The Carrier IQ software even recorded Eckhart's physical location after he connected the device to Wi-Fi and denied the Google request to share his geographical position.

We can see that Carrier IQ is querying these strings over my wireless network [with] no 3G connectivity and it is reading HTTPS, he said.

Paul Ohm, a former Justice Department prosecutor and law professor at the University of Colorado Law School, spoke to Forbes about the issue and underlined that this is not just creepy but potentially illegal.

If CarrierIQ has gotten the handset manufactures to install secret software that records keystrokes intended for text messaging and the Internet and are sending some of that information back somewhere, this is very likely a federal wiretap. he said. And that gives the people wiretapped the right to sue and provides for significant monetary damages.

Ohm emphasizes the illegality shown in the YouTube video, citing the Wiretap Act under the Electronic Communications Privacy Act of 1986.
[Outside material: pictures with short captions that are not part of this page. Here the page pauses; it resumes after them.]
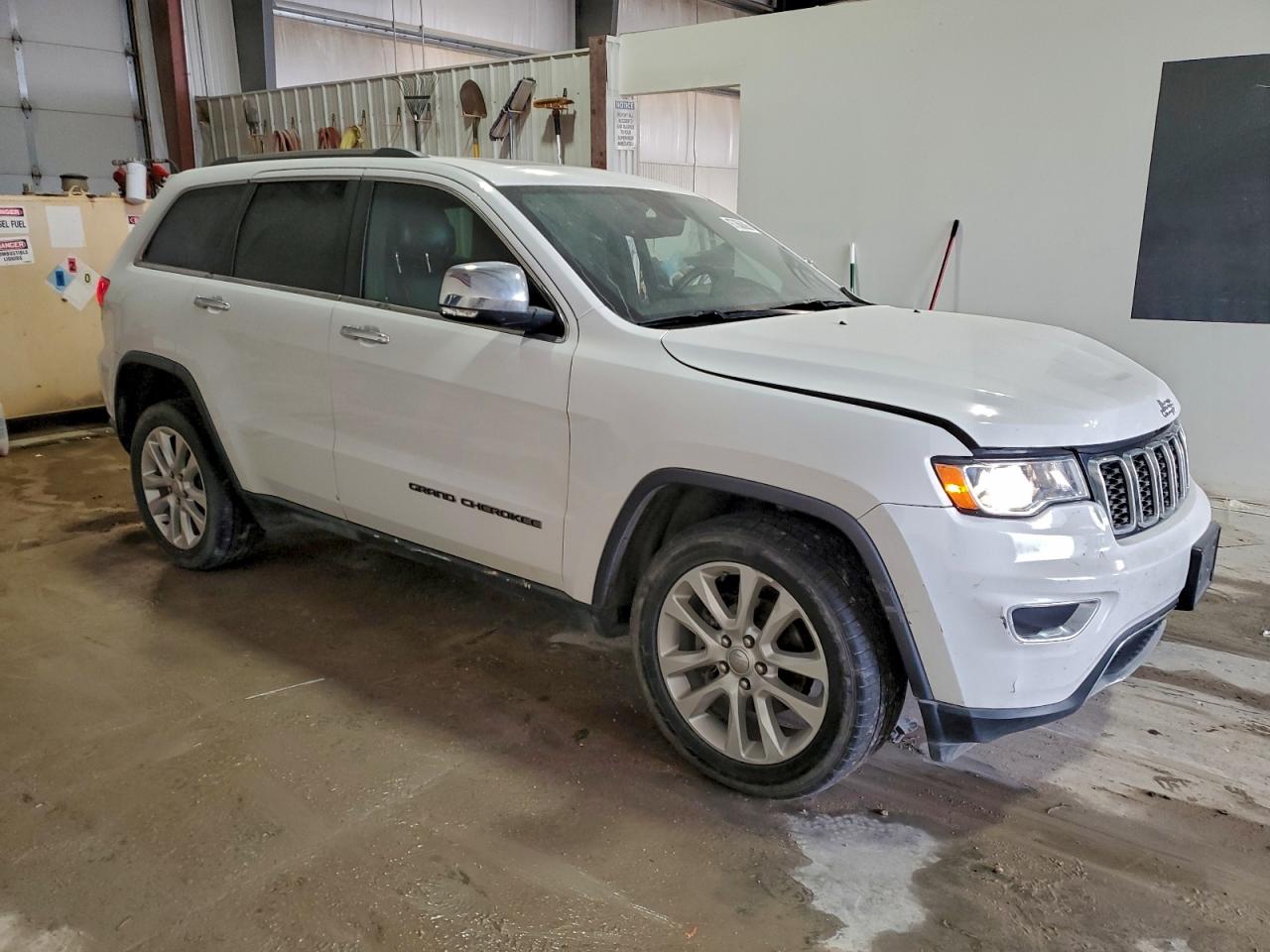 Jeep Grand Cherokee Limited Image 4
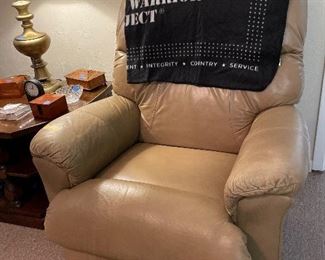 Tan La-z-boy rocker recliner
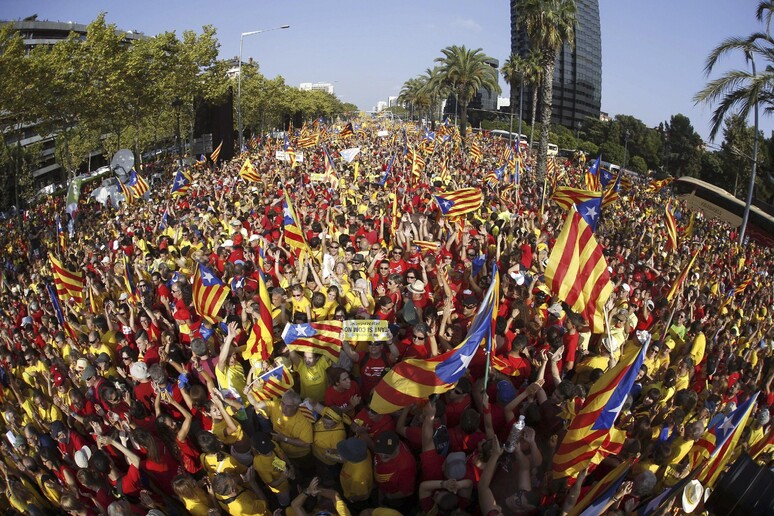 La manifestazione per la Diada, il Giorno della Catalogna -     RIPRODUZIONE RISERVATA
Because this happens with text messages as they're being sent, a quintessentially streaming form of communication, it seems like exactly the kind of thing the wiretap act is meant to prevent, he said. When I was at the Justice Department, we definitely prosecuted people for installing software with these kinds of capabilities on personal computers.

The Carrier IQ software is reportedly so deeply embedded in millions of devices that it is hard to detect and even harder to remove.

Carrier IQ VP of Marketing Andrew Coward denied any allegations that the software posed a privacy threat because of its keystroke logging. Our technology is not real time, he said to The Register. It's not constantly reporting back. It's gathering information up and is usually transmitted in small doses.

The company has not publicly responded to the issue, but has posted a memorandum on its Web site.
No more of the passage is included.